Don Pasquale, un opéra en quête de spectateurs

Don Pasquale de Donizetti était donné en première samedi soir à la salle Louis-Fréchette. Une proposition stimulante avec plusieurs atouts qui n’a hélas guère fait accourir le public.

CRITIQUE  / Don Pasquale de Donizetti était donné en première samedi soir à la salle Louis-Fréchette. Une proposition stimulante avec plusieurs atouts qui n’a hélas guère fait accourir le public.


Il était vraiment crève-cœur de voir le petit noyau de spectateurs couvrant le centre du parterre, dont plusieurs étaient de surcroît les invités de l’Opéra. Don Pasquale reste pourtant une œuvre extrêmement accessible, apte à contenter autant le néophyte que le lyricomane endurci. On ne parle décidément pas d’un obscur opéra atonal. 

Oui, il y a l’inflation. Les sorties culturelles constituent le premier poste budgétaire à écoper. Mais la tendance était déjà bien amorcée avant la pandémie. La première de la magnifique production de Werther de Massenet n’avait rempli qu’une demi-salle à l’automne 2018. 

La transmission de la culture (savante comme populaire) est un chantier urgent à l’heure de Netflix et autres rouleaux compresseurs culturels.

Les nombreux absents ont raté une lecture scénique originale et cohérente. Le metteur en scène Jean-Sébastien Ouellette, qui faisait ses débuts à l’Opéra de Québec, a décidé de situer l’action au cœur des années 1960 et il ne s’agit pas d’un choix anodin. 

Le clash entre le vieux Don Pasquale – le livret le dit «à l’ancienne» – et les autres personnages prend tout son sens durant les sixties, alors qu’une nouvelle génération née dans le confort de l’après-guerre se met à contester les valeurs de ses aînés. 

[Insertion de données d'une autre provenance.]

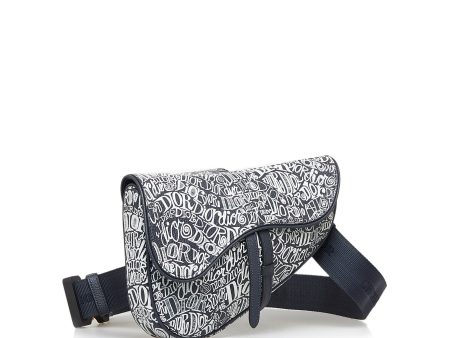 DIOR x Stussy Printed Saddle Crossbody Bag For Sale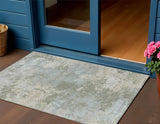 3' X 5' Sage And Gray Abstract Washable Indoor Outdoor Area Rug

Le clash entre le vieux Don Pasquale – le livret le dit «à l’ancienne» – et les autres personnages prend tout son sens durant les sixties, alors qu’une nouvelle génération née dans le confort de l’après-guerre se met à contester les valeurs de ses aînés.

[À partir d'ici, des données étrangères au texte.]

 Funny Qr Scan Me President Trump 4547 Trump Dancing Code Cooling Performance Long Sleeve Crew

L’idée de faire éclater l’unité de lieu pour sortir de la seule maison du barbon sert également très bien l’action. Don Pasquale commence l’opéra sur un lit d’hôpital après avoir été victime d’un infarctus et c’est là que le Docteur Malatesta, un «vrai» docteur pour le coup, lui propose sa sœur en mariage. 

Quand le vieil homme revient chez lui, sa réplique «Je suis revenu à la vie» prend alors un relief nouveau. 

Le cadre des années 1960 invite également à des décors et à des costumes éclatés.

Le cadre des années 1960 invite également à des décors et à des costumes éclatés. L’essentiel de l’action prend place dans une grande pièce dont la profondeur en fausse perspective impressionne. Les apparitions de la voiture Mustang sont également d’un savoureux pittoresque.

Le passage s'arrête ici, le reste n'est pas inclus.